Book Review: The Trouble with Reality by Brooke Gladstone

It will be easy for Trumpists and conservatives to ignore Brooke Gladstone’s new book. Not only is she a member of the mainstream media, she’s spent the last 30 years working for two bastions of biased liberal media, WNYC and NPR. They’ll justify their dismissal of the book with fleeting perusals, its reviews or perhaps the subtitle. And even if they took the time to read it, they’ll dislike it because it invokes writers such as Hannah Arendt and discussions of demagogues, totalitarianism and authoritarianism. Yet such a lapse is indicative of what she believes is happening today.

The Trouble with Reality: A Rumination on Moral Panic in Our Time is a succinct consideration of an era in which reality is the core of an “epic existential battle.” In assessing why this battle exists, Gladstone doesn’t lay blame entirely at the feet of Trump and his supporters (although they are assigned plenty). She builds her analysis using diverse sources, including Arendt, philosopher Arthur Schopenhauer, journalist Walter Lippmann, Thomas Jefferson, Philip K. Dick, Oliver Swift and 17th century poet John Milton. She believes human nature helped create our confused reality.

We mistakenly believe facts are reality, she says. Even when two people are presented with the same facts, though, they filter, arrange, prioritize and view them through their own values and traditions. Ultimately, reality “is not necessarily the world we would like it to be, … it is simply the kind of world we expect it to be.” Yet another part of the problem is that just as we sift facts, other elements of our political system affect what we sift.

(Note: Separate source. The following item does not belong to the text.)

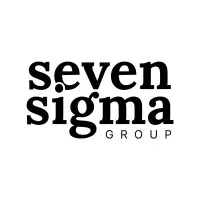 Seven Sigma Group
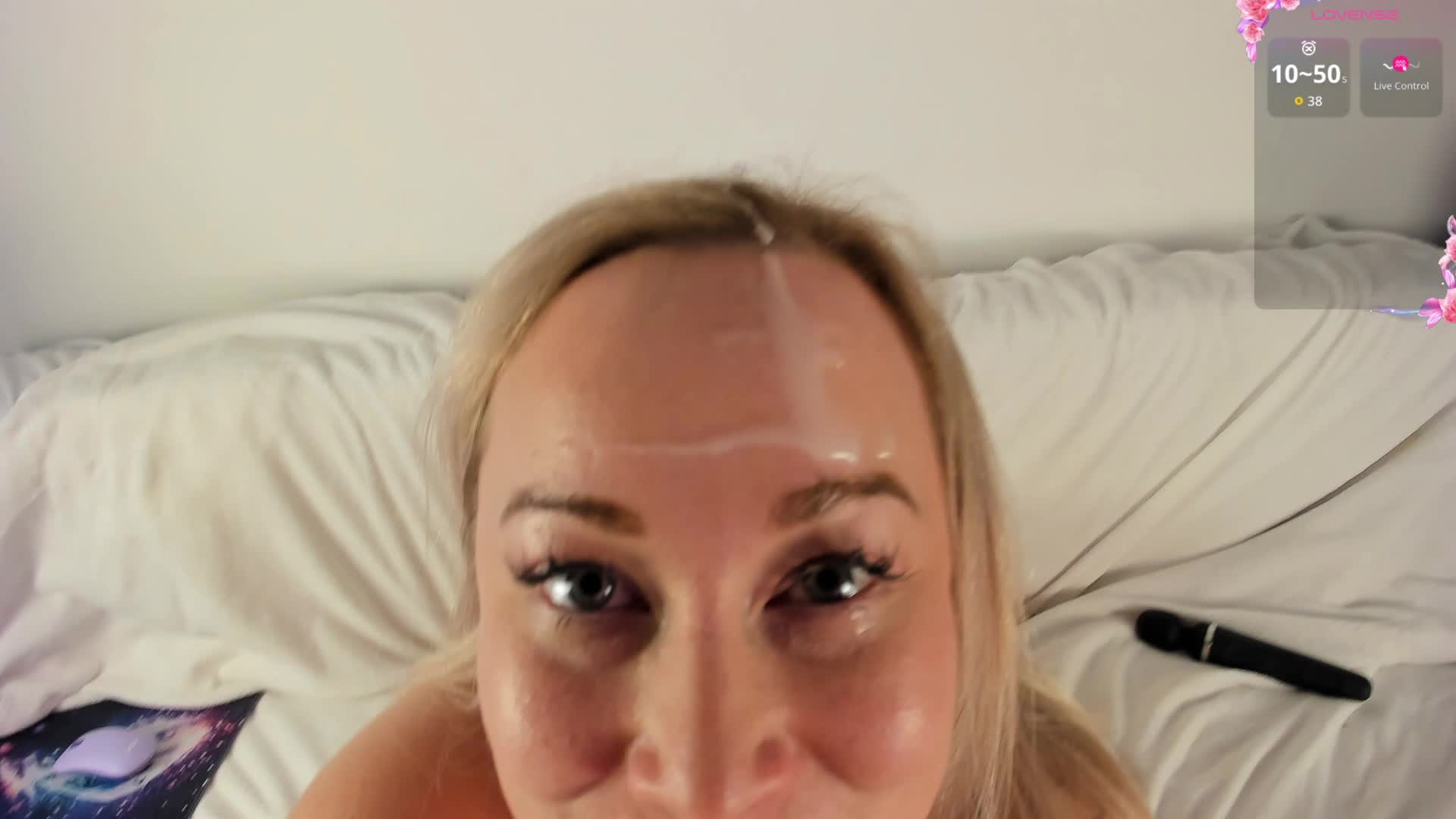 Claries Cam Model Chat September 5, 2026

As part of career spent covering the media, Gladstone has spent nearly 20 years co-hosting On The Media for years, a weekly radio program billed as examining how the “shapes our world view.” In the last election, the media fell victim to what she calls Trump’s “canny use of the demagogue’s playbook.” Using a number of Trump’s campaign statements and an analyzing his use of Twitter to “embed his realities,” The Trouble with Reality suggests the media’s approach to an unprecedented campaign style made things worse. Gladstone argues that the Trump campaign’s methods left the media “darting this way and that after shiny objects, too frantic to cull the crucial from the trivial, never pausing for the big picture that, in any case, they would not have recognized.”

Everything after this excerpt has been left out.